I wondered: Did this sense of loss include nostalgia for those holes in the ground I remember from my limber youth? Had the three-hour lunch and naptime that closed those charming small stores and other machines of commerce gone the way of the “Deux Chevaux,” Citroen’s 2CV—a masterpiece of automotive minimalism and environmental low-impact, lacking only in comfort, speed, and safety? Haven’t laundromats finally replaced the blanchisseries that needed a week to wash and dry (and fold origami-like) the family clothes? With standard-sized refrigerators now a staple of the French kitchen, has weekly, instead of daily, shopping cast a shadow on domestic cuisine? In my time, there were no “hypermarkets” anywhere; small stores dotted the urban landscape no less than the villages.
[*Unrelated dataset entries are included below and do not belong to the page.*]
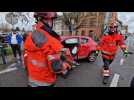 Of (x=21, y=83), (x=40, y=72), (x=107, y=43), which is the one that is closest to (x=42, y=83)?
(x=40, y=72)

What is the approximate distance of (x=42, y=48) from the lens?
1.32 metres

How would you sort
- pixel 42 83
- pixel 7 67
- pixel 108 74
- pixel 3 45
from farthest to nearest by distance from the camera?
pixel 7 67, pixel 108 74, pixel 3 45, pixel 42 83

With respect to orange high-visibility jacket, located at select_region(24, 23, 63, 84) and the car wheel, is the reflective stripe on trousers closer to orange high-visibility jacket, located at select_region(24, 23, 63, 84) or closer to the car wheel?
orange high-visibility jacket, located at select_region(24, 23, 63, 84)

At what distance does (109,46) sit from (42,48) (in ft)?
2.92

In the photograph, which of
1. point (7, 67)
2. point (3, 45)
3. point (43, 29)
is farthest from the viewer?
point (7, 67)

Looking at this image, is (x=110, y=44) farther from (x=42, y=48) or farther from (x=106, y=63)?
(x=42, y=48)

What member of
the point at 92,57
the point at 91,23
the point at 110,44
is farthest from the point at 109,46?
the point at 91,23

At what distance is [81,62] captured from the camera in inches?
76.9

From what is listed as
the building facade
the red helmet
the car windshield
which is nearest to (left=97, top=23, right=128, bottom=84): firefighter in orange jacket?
the building facade

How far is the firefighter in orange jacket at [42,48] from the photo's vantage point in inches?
51.6

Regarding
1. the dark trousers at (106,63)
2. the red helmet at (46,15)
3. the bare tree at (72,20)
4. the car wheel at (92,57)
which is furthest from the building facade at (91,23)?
the car wheel at (92,57)

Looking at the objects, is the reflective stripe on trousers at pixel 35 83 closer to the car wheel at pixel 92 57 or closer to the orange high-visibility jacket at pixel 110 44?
the orange high-visibility jacket at pixel 110 44
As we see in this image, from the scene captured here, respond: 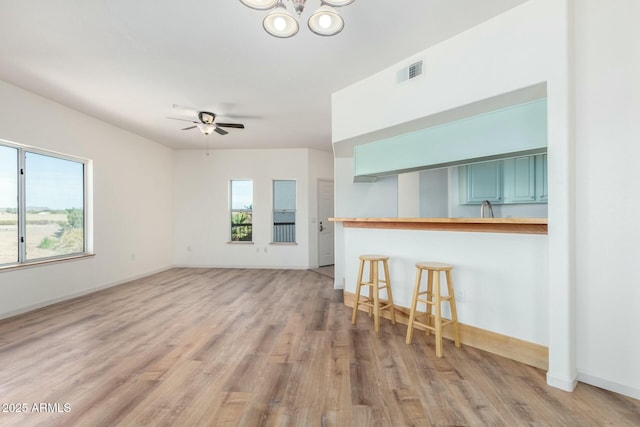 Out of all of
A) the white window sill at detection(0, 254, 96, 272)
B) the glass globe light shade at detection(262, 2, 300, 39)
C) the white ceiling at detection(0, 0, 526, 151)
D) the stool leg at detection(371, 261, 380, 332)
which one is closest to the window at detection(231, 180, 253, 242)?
the white ceiling at detection(0, 0, 526, 151)

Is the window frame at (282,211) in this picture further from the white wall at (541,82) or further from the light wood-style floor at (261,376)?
the white wall at (541,82)

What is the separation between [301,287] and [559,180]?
3.84 metres

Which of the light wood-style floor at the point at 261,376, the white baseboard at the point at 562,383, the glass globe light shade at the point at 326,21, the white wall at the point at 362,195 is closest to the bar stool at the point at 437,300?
the light wood-style floor at the point at 261,376

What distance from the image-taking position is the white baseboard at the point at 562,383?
6.28ft

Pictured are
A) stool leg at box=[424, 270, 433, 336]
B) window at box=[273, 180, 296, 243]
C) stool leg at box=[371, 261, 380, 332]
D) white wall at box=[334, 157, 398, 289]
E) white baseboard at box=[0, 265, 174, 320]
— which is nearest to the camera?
stool leg at box=[424, 270, 433, 336]

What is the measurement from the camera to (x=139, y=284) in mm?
5188

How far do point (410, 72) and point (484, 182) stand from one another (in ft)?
Result: 5.70

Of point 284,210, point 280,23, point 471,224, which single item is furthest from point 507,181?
point 284,210

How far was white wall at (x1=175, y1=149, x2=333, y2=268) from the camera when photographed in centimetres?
677

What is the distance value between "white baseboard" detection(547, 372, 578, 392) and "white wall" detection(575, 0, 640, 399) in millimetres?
135

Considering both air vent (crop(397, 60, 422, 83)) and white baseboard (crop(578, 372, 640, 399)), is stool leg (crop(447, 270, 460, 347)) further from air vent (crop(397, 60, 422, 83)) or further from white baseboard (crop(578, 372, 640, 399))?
air vent (crop(397, 60, 422, 83))

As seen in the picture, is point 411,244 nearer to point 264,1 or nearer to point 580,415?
point 580,415

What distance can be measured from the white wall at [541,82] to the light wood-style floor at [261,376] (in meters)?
0.47

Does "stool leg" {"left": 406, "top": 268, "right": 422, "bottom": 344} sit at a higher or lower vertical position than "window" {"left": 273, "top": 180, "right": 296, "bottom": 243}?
lower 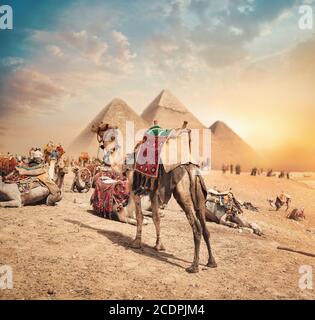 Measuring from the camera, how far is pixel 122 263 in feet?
17.4

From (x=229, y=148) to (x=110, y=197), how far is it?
121m

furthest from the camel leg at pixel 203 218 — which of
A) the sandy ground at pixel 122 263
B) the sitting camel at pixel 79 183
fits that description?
the sitting camel at pixel 79 183

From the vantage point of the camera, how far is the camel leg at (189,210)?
5.23 m

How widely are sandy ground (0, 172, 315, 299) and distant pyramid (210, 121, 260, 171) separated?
10798cm

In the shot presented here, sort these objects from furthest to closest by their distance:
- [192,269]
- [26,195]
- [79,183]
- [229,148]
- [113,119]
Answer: [229,148], [113,119], [79,183], [26,195], [192,269]

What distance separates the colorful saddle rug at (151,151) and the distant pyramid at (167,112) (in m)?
108

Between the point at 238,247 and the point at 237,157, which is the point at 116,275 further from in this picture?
the point at 237,157

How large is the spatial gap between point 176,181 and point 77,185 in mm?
8750

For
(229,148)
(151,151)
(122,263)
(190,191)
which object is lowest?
(122,263)

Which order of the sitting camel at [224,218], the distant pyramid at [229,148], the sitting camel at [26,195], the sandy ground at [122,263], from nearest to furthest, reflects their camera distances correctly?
the sandy ground at [122,263] → the sitting camel at [26,195] → the sitting camel at [224,218] → the distant pyramid at [229,148]

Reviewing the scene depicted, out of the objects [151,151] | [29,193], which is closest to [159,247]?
[151,151]

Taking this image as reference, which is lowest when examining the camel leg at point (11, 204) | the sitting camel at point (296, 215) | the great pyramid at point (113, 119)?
the sitting camel at point (296, 215)

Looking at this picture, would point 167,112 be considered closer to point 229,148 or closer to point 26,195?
point 229,148

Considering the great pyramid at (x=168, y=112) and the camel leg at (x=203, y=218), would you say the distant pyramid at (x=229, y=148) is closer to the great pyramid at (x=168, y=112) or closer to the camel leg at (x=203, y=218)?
the great pyramid at (x=168, y=112) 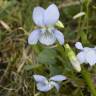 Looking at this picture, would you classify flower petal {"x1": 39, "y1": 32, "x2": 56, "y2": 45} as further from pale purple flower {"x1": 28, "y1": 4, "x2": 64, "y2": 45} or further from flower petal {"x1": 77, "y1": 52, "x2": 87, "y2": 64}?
flower petal {"x1": 77, "y1": 52, "x2": 87, "y2": 64}

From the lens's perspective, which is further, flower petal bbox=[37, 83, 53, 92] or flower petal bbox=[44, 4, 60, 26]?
flower petal bbox=[37, 83, 53, 92]

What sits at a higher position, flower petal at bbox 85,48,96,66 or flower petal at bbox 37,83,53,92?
flower petal at bbox 85,48,96,66

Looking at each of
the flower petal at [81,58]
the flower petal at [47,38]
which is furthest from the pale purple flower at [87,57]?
the flower petal at [47,38]

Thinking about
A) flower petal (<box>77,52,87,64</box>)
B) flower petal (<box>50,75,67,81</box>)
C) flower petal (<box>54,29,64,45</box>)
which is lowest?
flower petal (<box>50,75,67,81</box>)

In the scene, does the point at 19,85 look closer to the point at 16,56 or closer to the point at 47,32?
the point at 16,56

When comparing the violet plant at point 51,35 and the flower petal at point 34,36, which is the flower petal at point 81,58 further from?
the flower petal at point 34,36

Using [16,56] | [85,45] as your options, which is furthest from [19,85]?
[85,45]

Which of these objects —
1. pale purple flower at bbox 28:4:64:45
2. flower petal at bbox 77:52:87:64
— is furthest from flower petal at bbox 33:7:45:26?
flower petal at bbox 77:52:87:64
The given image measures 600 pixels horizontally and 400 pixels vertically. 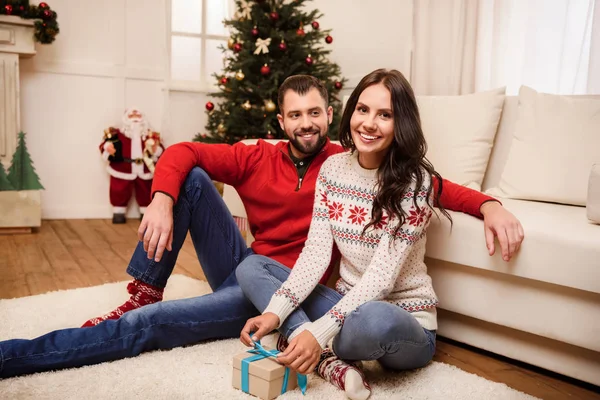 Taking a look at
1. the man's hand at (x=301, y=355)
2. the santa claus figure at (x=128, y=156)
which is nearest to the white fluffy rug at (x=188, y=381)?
the man's hand at (x=301, y=355)

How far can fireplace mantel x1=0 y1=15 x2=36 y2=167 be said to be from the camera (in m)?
3.55

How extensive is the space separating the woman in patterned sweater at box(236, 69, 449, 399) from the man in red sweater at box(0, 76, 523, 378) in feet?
0.51

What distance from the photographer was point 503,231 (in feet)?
5.08

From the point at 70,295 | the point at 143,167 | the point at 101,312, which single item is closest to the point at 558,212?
the point at 101,312

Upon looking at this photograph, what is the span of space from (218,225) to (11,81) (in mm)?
2559

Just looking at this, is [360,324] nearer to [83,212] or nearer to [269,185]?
[269,185]

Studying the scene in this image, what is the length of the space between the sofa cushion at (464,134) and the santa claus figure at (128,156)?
2310 mm

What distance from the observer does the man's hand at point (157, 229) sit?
5.10 feet

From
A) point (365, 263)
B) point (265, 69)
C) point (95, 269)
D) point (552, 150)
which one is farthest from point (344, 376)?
point (265, 69)

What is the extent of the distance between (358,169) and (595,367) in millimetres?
859

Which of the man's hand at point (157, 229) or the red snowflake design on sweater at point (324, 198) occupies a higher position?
the red snowflake design on sweater at point (324, 198)

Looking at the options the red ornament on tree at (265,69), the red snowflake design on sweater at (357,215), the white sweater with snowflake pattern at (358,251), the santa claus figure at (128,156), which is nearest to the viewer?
the white sweater with snowflake pattern at (358,251)

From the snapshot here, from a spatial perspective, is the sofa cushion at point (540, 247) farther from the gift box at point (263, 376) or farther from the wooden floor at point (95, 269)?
the gift box at point (263, 376)

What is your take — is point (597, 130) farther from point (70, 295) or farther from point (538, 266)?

When Marie Le Pen’s supporters chant “On est chez nous” as a lament for French identity and a plea to bring back the glory days, what do they really remember? Even she has dressed down for the campaign. Do they long for the daily domestic routine tied to the timetable of the bakery, the milk store, the butcher, the charcuterie, whose restricted hours and limited choices were as dictatorial as anything the EU has dreamed up? Do they imagine that the Napoleonic Code governing every aspect of daily life—or perhaps the dirigiste mentality the Code symbolized—was more liberating? Don’t the stagnant economy and youth unemployment have something to do with France’s very own work rules? In 1968 you practically had to take a blood test to use the Bibliotheque Nationale and have formal permission to conduct a riot.
What else have the French forgotten? Le Pen’s recent remarks on the French police’s notorious July 1942 round-up and deportation of Jews to German death camps neatly exonerated the French people: “If there was responsibility, it is with those who were in power at the time, it is not with France. France has been mistreated, in people’s minds, for years.” When I was in France, the French were just beginning to acknowledge their role in the Holocaust. Now some of them are trying hard to forget it. They are also trying to forget that the immigrants Le Pen promises to expel are the children of France’s mission civilisatrice, colonial governance in Africa, Asia, and the Middle East.
Identity is a two-edged sword. The French, and certainly those who support Le Pen, seem to have forgotten—the charming village stores notwithstanding—a great deal about France’s past.